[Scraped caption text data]
----------------
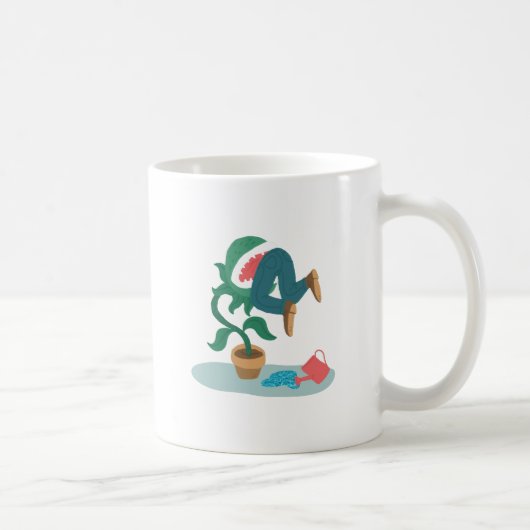 Mug me nourrir venus flytrap (Droite)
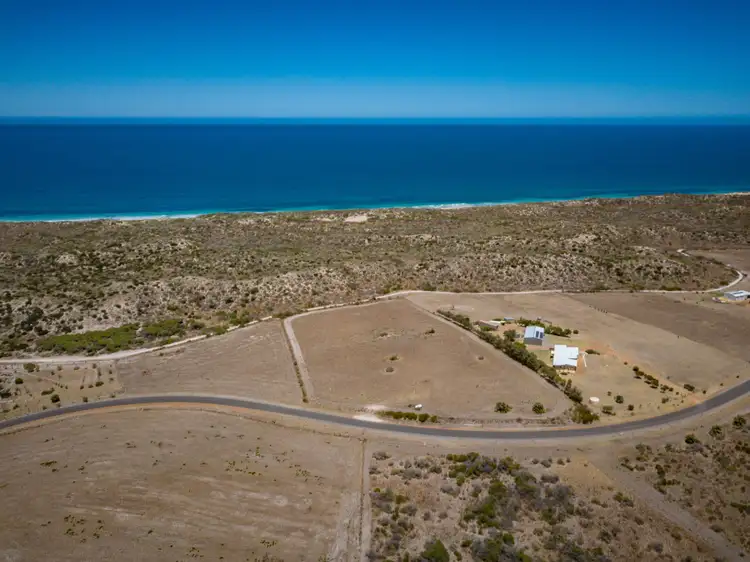 Sixth view of Homely land listing, LOT 6 African Reef Boulevard, Greenough WA 6532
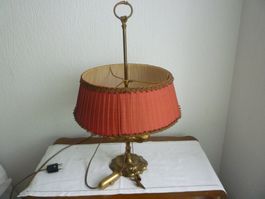 alte lampe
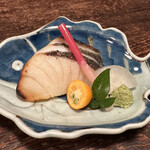 守源旅館 - さわら焼き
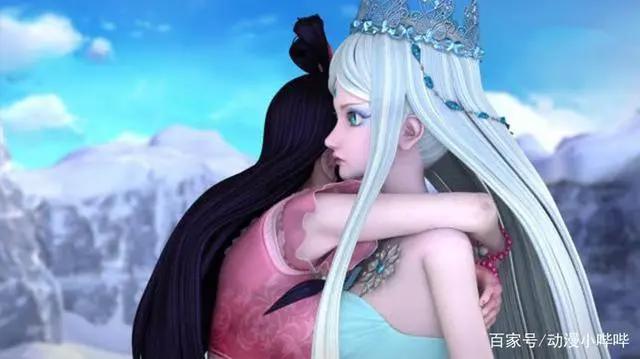 叶罗丽：王默如此招冰公主粉丝讨厌，只因她这三个举动，得罪冰粉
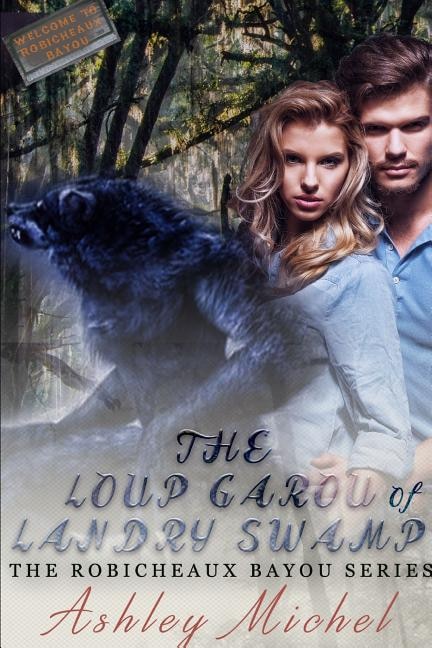 Front cover_Robicheaux Bayou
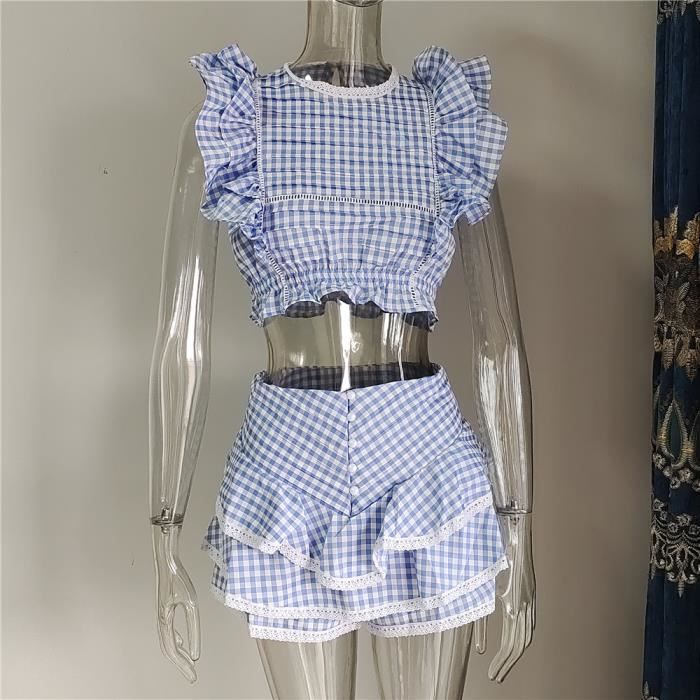 Jupe Fille 4 Ans (104 Cm) Shiny - Rose à Pois Blancs, Volants - Occasion Très Bon état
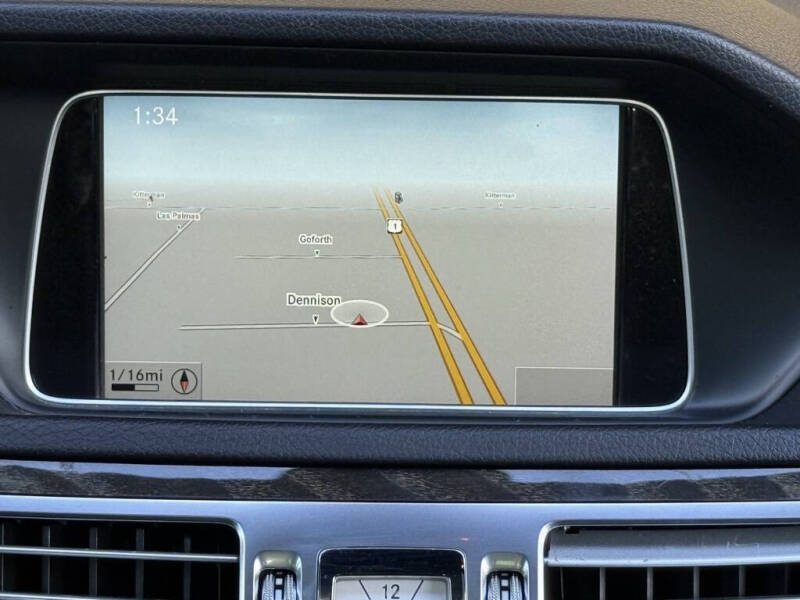 2015 Mercedes-Benz E-Class E 350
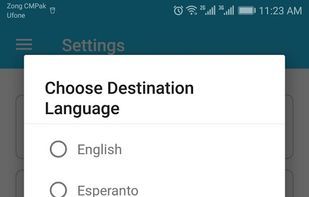 Translate It screenshot 2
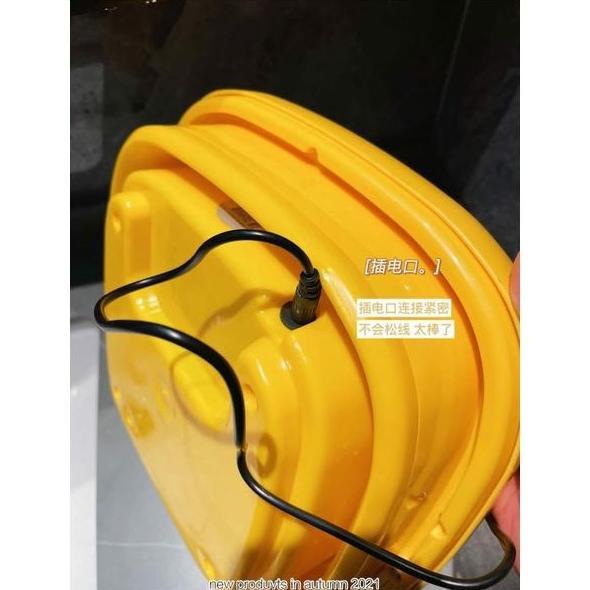 mesin cuci portable lipat mini tanpa pengering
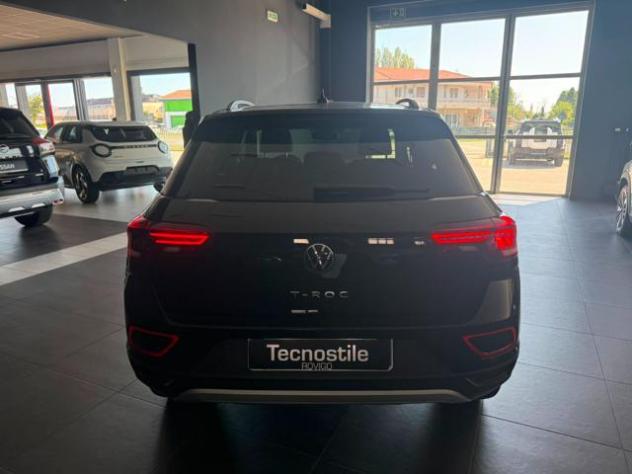 VOLKSWAGEN T-Roc 1.0 TSI Sport rif. 24039589 - Foto 4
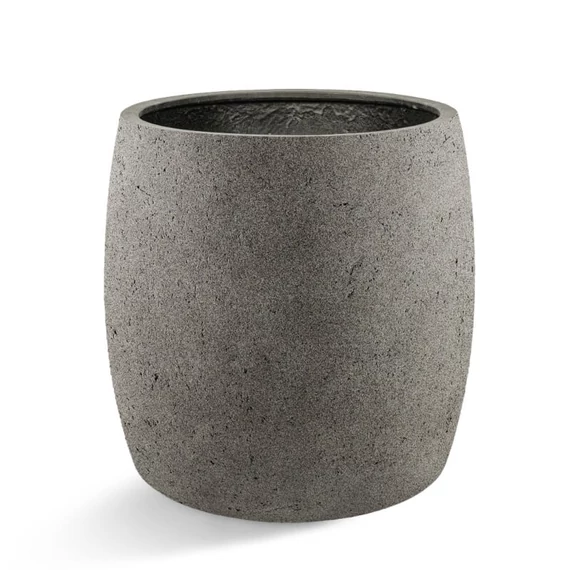 Grigio Modern Pot M 55cm beton szürke kaspó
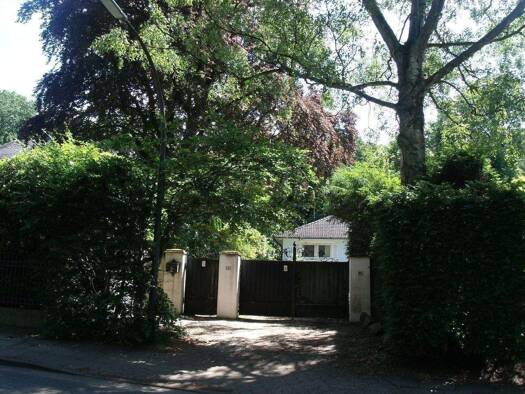 Grundstück zum Kauf 1.150.000 € 1.099 m² Grundstück frei ab sofort Rahlstedt Wandsbek 22143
----------------
**What you should do**
Set down exactly the lines above, from the line containing "守源旅館 - さわら焼き" through the line containing "VOLKSWAGEN T-Roc 1.0". Skip the pictures.

**Solution below**
 守源旅館 - さわら焼き
 叶罗丽：王默如此招冰公主粉丝讨厌，只因她这三个举动，得罪冰粉
 Front cover_Robicheaux Bayou
 Jupe Fille 4 Ans (104 Cm) Shiny - Rose à Pois Blancs, Volants - Occasion Très Bon état
 2015 Mercedes-Benz E-Class E 350
 Translate It screenshot 2
 mesin cuci portable lipat mini tanpa pengering
 VOLKSWAGEN T-Roc 1.0 TSI Sport rif. 24039589 - Foto 4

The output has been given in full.